Hot off the Wire: Listen to today’s top stories

Congress is on the verge of approving a $13 billion bipartisan gun violence bill that seemed unimaginable a month ago. House approval is expected Friday on legislation that would be lawmakers’ most sweeping answer in decades to mass shootings that have come to shock yet not surprise Americans.

The Senate approved the measure Thursday, with 15 Republicans joining Democrats in backing passage. The election year vote comes just weeks after a gunman massacred 19 elementary school students and two teachers in Uvalde, Texas, and a white man motivated by racism allegedly killed 10 Black grocery shoppers in Buffalo, New York.

Governors, lawmakers and attorneys general in states with strict gun-permitting laws are strategizing over how to shore up their restrictions after Thursday’s U.S. Supreme Court decision expanded gun rights in a New York case.

The head of the United Nations has warned the world faces “catastrophe” because of the growing shortage of food around the globe. U.N. Secretary-General Antonio Guterres says the war in Ukraine has fueled an “unprecedented global hunger crisis” already affecting hundreds of millions of people. Guterres said U.N. negotiators have been working on a deal that would enable Ukraine to export food and let Russia bring food and fertilizer to world markets without restrictions.

A regional governor in eastern Ukraine says that the country’s troops will retreat from a besieged city to avoid encirclement. The city of Sievierodonetsk, the administrative center of the Luhansk region, has faced relentless Russian bombardment.

Toyota is recalling 2,700 of its bZ4X crossover vehicles globally for wheel bolts that could become loose, in a major setback for the Japanese automaker’s ambitions to roll out electric cars.
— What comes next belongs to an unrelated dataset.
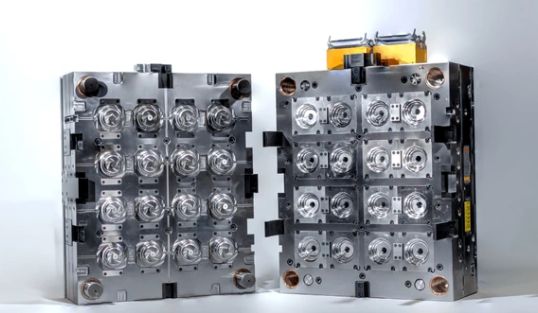 注塑模具首選鴻仁威爾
The House panel investigating the Jan. 6, 2021, riot at the U.S. Capitol revealed Thursday that several Republican loyalists in Congress who trumpeted the president’s claims later sought pardons from the White House after the effort failed.

In sports, a Duke player goes No. 1 in the NBA draft, the Yankees stun the Astros, the Braves beat the Giants, a Pro Football Hall of Famer dies and another Manning will be heading to the SEC.
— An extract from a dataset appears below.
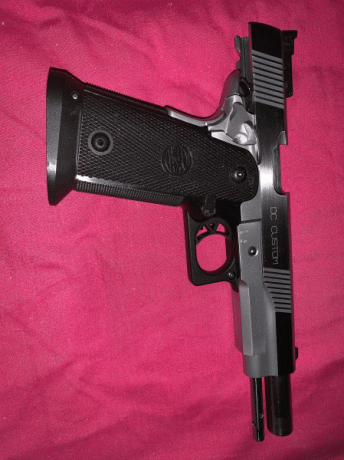 Vendo pistola " SPS " de 6 pulgadas.

Es de las denominadas "Pata Negra", que fueron 00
Former top Justice Department officials have testified to the Jan. 6 committee that President Donald Trump hounded the department to pursue his false election fraud claims, contacting the agency’s leader “virtually every day” and striving in vain to enlist the government’s top law enforcement officials in his desperate bid to stay in power.

The House panel investigating the Jan. 6, 2021, riot at the U.S. Capitol heard testimony Thursday that Trump was fixated on fake voter fraud claims and insisted the officials pursue them despite being repeatedly told that none had any merit.
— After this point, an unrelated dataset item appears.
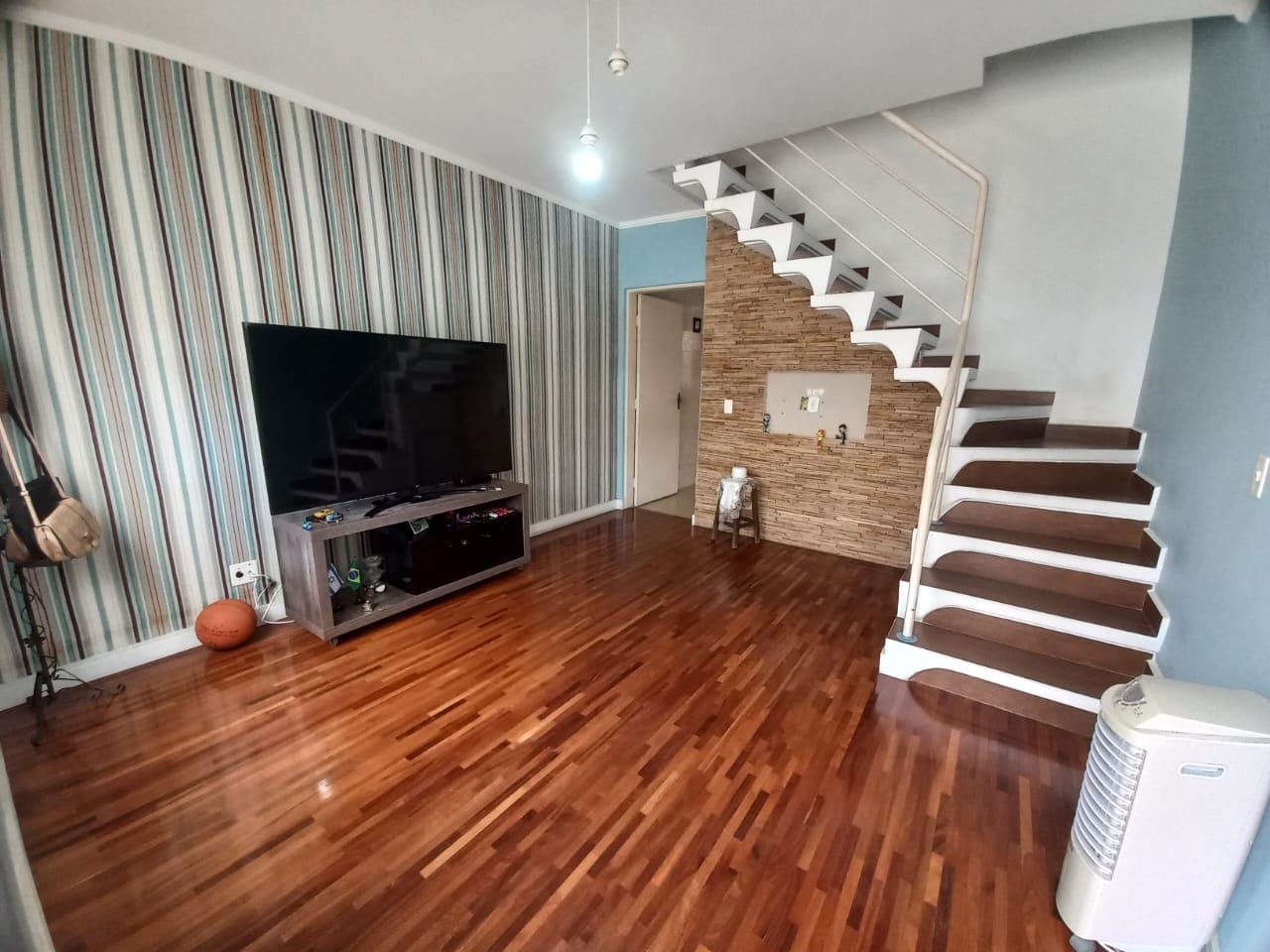 Casa à venda com 2 quartos, 65m² - Foto 1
Federal agents searched the Virginia home of a Trump-era Justice Department official who championed efforts by Trump to overturn the results of the 2020 election. That’s according to a person familiar with the matter. 

The Supreme Court has ruled that Americans have a right to carry firearms in public for self-defense, a major expansion of gun rights. The court struck down a New York gun law in a ruling expected to directly impact half a dozen other populous states.

Thursday’s decision came with recent mass shootings fresh in the nation’s mind and Americans emotionally divided on the issue. Across the street from the court, the Senate sped toward passage of its own national legislation, a gun law modest in scope but still the most far-reaching in decades.

Authorities say a knife-wielding psychiatric patient has fatally stabbed one man and wounded another inside a Las Vegas hospital. Metro Police say the stabbings occurred early Thursday in the psychiatric ward of University Medical Center.

A judge has given final approval to a settlement of more than $1 billion for victims of the collapse of a Florida beachfront condominium. Ninety-eight people died when the 12-story Champlain Towers South suddenly collapsed. It was one of the deadliest building failures in U.S. history.

Michigan has agreed to destroy more than 3 million dried blood spots taken from babies and kept in storage. It’s all part of a partial settlement in an ongoing lawsuit over consent and privacy in the digital age. Hospitals routinely prick the heels of newborns to draw blood to check for more than 50 rare diseases. That practice isn’t being challenged. The dispute in Michigan is over leftover samples.

Health officials have ordered vaping company Juul to pull its electronic cigarettes from the U.S. market. It’s the biggest blow yet to the embattled company that is widely blamed for sparking a surge in teen vaping. The announcement Thursday by the Food and Drug Administration is part of a sweeping regulatory review of e-cigarettes, which faced little regulation until recently.

Average long-term U.S. mortgage rates inched up this week following last week’s mammoth jump, the biggest in 35 years. Mortgage buyer Freddie Mac reported Thursday that the 30-year rate ticked up to 5.81% this week, from last week’s 5.78%.

Andrea Fuentes prevented a tragedy at the swimming world championships in Budapest, Hungary, with her quick reaction. The United States coach knew something was wrong when she saw artistic swimmer Anita Alvarez sink motionless to the bottom of the pool during a solo free routine on Wednesday.